Lecture 6, problem 6.7

My answer for this problem is 1 because a1=1, a2=3, a3=6, a4=1    in mod 7. Since 10=3·3+1, a10=a1=1.

The answer says that it should be 6, so I don't know which one is correct.

 
ProfessorAreteem的头像
Re: Math Challenge II-A Number Theory
ProfessorAreteem - 2019年07月9日 Tuesday 11:41
 
Note the repeating pattern of the values of $a_n \pmod{7}$ is not $1, 3, 6, 1, 3, 6, \dots$.
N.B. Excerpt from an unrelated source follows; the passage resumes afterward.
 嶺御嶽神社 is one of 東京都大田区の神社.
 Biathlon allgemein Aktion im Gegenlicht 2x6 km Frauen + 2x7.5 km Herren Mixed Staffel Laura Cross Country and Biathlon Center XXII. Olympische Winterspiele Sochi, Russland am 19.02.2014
$\pmod{7}$ the first few terms of the sequence are: $$a_1 = 1 \equiv 1, a_2 = 3^1 = 3 \equiv 3, a_3 = 3^3 = 27 \equiv 6, a_4 = 3^{27} = 7625597484987 \equiv 6, \dots$$

We can see, in fact, that $a_n \equiv 6 \pmod{7}$ for any $n > 2$:

First note that $3^6 \equiv 1 \pmod{7}$ (by Fermat's Little Theorem), and any power of $3$ is such that $3^n = 3 \pmod{6}$ (for $n \geq 1$). So for all $a_n$ with $n \geq 3$, it is true that $a_n = 3^{6k + 3}$, for some integer $k$ and thus $a_n \equiv \left(3^6\right)^k \times 3^3 \equiv 1 \times 6 \equiv 6 \pmod{7}$. In particular $a_{10} \equiv 6 \pmod{7}$.